If you downscale by a factor of 2 using bandlimited resampling every time, followed by a single final shrink, you'll theoretically get identical results to a single bandlimited shrinking operation. Of course real world image resampling kernels (Lanczos, cubic, magic kernel) are very much truncated compared to the actual sinc kernel (to avoid massive ringing which looks unacceptable in images), so the results won't be mathematically perfect. And linear/area-based resampling is even less mathematically optimal, although they don't cause overshoot.
Isn't this generally addressed by applying a gaussian blur before downsizing? I know this introduces an extra processing step, but I always figured this was necessary.
I played a little with FFT Gaussian blur. It uses the frequency domain, and so does not have to average hundreds of points, but rather transforms the image and the blur kernel into the frequency domain. There it performs a pointwise multiplication and transforms the image back. It's way faster than the direct convolution.

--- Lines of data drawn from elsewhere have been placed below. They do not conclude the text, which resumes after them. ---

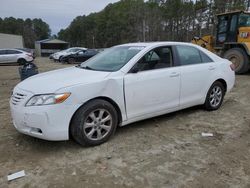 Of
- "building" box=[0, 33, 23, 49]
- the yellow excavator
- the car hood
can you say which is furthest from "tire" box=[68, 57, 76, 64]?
"building" box=[0, 33, 23, 49]

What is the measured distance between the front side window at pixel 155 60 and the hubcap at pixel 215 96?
1.38 metres

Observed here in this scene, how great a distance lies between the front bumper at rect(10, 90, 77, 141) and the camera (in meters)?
3.20

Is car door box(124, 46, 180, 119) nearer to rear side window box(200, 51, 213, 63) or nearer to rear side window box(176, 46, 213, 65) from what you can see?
rear side window box(176, 46, 213, 65)

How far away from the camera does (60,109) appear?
323 centimetres

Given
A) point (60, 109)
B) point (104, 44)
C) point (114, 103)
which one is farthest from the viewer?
point (104, 44)

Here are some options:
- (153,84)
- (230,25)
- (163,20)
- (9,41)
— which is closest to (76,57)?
(230,25)

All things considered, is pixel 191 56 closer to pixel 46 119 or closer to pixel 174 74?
pixel 174 74

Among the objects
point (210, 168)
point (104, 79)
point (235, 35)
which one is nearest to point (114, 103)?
point (104, 79)

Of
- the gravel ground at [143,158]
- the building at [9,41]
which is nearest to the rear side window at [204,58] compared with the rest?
the gravel ground at [143,158]

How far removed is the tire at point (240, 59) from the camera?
10578mm

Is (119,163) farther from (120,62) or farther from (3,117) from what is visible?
(3,117)

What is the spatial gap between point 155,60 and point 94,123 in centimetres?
156

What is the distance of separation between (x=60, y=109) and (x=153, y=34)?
42.3 m

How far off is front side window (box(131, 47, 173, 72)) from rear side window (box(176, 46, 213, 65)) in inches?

Having to process 100 source pixels per destination pixel to shrink 10x seems like an inefficient implementation. If you downsample each dimension individually you only need to process 20 pixels per pixel. This is the same optimization used for Gaussian blur.
> If you downsample each dimension individually you only need to process 20 pixels per pixel.

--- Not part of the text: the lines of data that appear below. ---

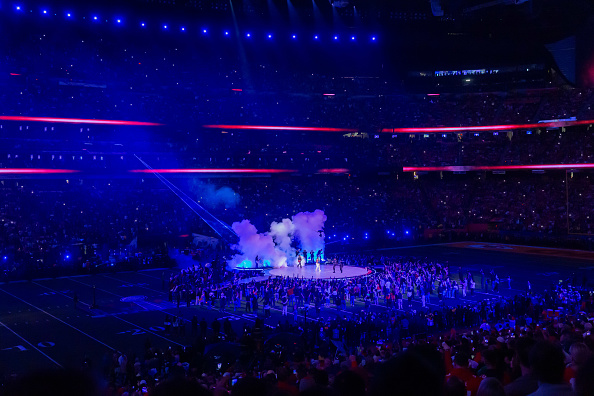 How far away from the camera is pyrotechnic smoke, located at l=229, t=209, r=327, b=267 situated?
4169 cm

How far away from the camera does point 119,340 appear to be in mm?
23578

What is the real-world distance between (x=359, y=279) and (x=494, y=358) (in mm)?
26857

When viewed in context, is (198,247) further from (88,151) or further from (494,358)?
(494,358)

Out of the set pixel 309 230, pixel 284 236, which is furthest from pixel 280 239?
pixel 309 230

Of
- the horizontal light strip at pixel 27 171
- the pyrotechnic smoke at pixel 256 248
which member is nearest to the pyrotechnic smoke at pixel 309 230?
the pyrotechnic smoke at pixel 256 248

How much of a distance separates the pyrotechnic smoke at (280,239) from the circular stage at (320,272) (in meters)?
1.97

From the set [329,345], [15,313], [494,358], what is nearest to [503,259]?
[329,345]

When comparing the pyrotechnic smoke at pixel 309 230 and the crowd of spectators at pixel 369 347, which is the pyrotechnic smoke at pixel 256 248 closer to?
the pyrotechnic smoke at pixel 309 230

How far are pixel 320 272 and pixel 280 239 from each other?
23.3 ft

If you shrink 10x in one direction, then the other, then you first turn 100 pixels into 10, before turning 10 pixels into 1. You actually do more work for a non-smoothed shrink, sampling 110 pixels total.

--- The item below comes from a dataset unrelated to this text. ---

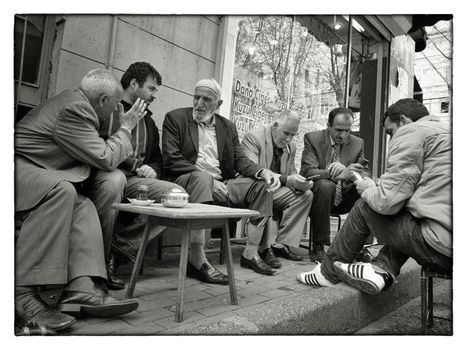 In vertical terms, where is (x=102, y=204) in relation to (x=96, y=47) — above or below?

To benefit from doing the dimensions separately, the width of your sample has to be bigger than the shrink factor. The best case is a blur where you're not shrinking at all, and that's where 20:1 actually happens.
If you sampled 10 pixels wide, then shrunk by a factor of 3, you'd have 100 samples per output if you do both dimensions at the same time, and 40 samples per output if you do one dimension at a time.
Two dimensions at the same time need width^2 samples
Two dimensions, one after the other, need width*(shrink_factor + 1) samples
> 3. Clipping. Resizing is typically done in two phases, once resizing in x then in y direction, not necessarily in this order. If the kernel used has values outside of the range [0, 1] (like Lanczos) and for intermediate results you only capture the range [0,1], then you might get clipping in the intermediate image, which can cause artifacts.
Also, gamut clipping and interpolation[0]. That's a real rabbithole.
Wow, points 2, 3 and 5 wouldn't have occured to me even if I tried. Thanks. I now have a mental note to look stuff up if my resizing ever gives results I'm not happy with. :)
Point 2 is the most important one, and the most egregious error. Even most browsers implement it wrong (at least the last time I checked, I confirmed it again with Edge).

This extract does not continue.